20 questions on GRA reform and gender self-declaration (revisited)

question mark on chalk board

Over three years ago, in anticipation of a draft Bill on gender recogntion, we published a blog asking 20 questions on how the Scottish Government expected that a reformed GRA based on self-declaration would work in law, the evidence base for reform, and the Scottish Government position on the Equality Act 2010. Our original post is here:

At the time we wrote:

These are questions to which the answers are currently contested, answered implicitly but not explicitly in the earlier consultation, or otherwise unclear. We believe the government’s position on them ought to be made clear in or before any further consultation. The blog also includes questions about how gender self-identification currently works in relation to data recording.

The Scottish Government published its first draft Bill and consultation paper in December 2019.

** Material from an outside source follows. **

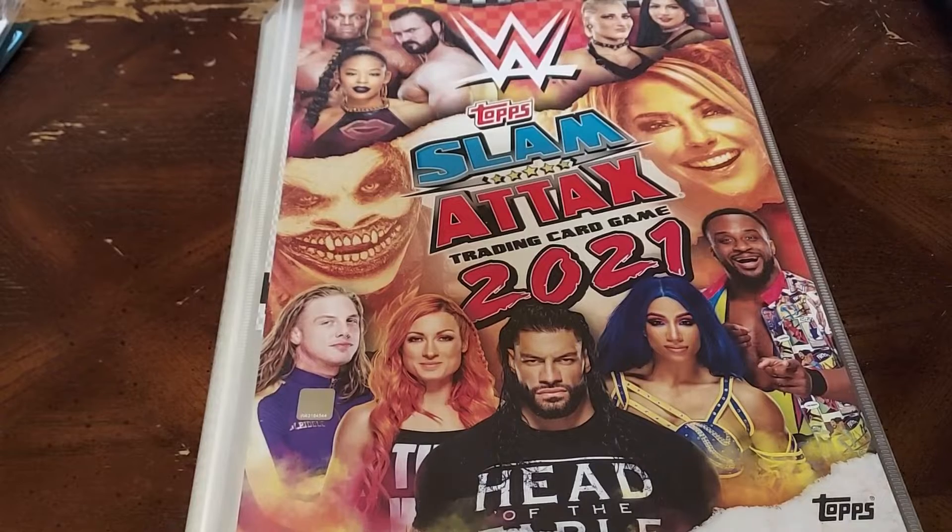We had a gas station next to our hotel and I walked in there to get snacks for the hotel room, and there was Slam Attacks. They had some loose booster packs, they had some tens, and they had the starter pack. I was like, what the heck, I'm in England, why not? So I bought the starter pack and got a few tens.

In January 2020 we assessed the draft Bill and consultation paper against our original 20 questions. We concluded that the consultation paper answered five of our original questions, albeit raising more questions in each case, and partially answered two. Thirteen questions remain unanswered (of which around half related to data collection issues). Our assessment from January 2020 is here:

This blog revisits the same 20 questions to assess what answers, if any, the Scottish Government has since provided. The orginal text is shown in blue, followed first by our assessment in January 2020 (of whether they were answered in the consultation paper), and then by our current analysis. As this shows, many of the questions are still unclear or unanswered.

The Scottish Government has repeatedly avoided answering the critical question, on the legal effects of a Gender Recognition Certificate. We do however as of this week have a partial answer to this question, due only to the ruling in the legal challenge brought by For Women Scotland in relation to gender quotas on public boards. As explained below, this ruling means that the Scottish Government can no longer maintain the fiction that a GRC is simply a piece of paper, with no consequences for others.

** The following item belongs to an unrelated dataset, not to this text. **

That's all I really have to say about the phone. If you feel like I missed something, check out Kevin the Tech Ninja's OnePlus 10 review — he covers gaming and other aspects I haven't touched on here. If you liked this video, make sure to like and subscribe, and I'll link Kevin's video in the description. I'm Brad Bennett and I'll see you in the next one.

Reflecting on what we have observed, during Ministerial meetings, court cases, the formal Bill process and more generally, we sense a hardening of the government’s position since May 2021 in relation to the need for single sex services, activities, or jobs for women (see Qs12 and 13 below). In February 2019, a briefing for Miinisters noted: “there are areas, across Ministerial portfolios, where there are potential conflicts between rights. These areas require careful consideration.” It went on:

For example, questions arise about trans women in communal accommodation such as prisons (where currently in the interests of their own safety or that of other prisoners, individual trans prisoners may sometimes be treated differently from their gender identity) and domestic abuse refuges (although domestic abuse refuges in Scotland are generally trans inclusive); guidance on the treatment of trans pupils in schools; inclusion of trans people in statistics and equality monitoring; women-only political shortlists; whether trans women can be excluded from carrying out certain types of medical examinations; and the inclusion of trans women in single sex hospital wards.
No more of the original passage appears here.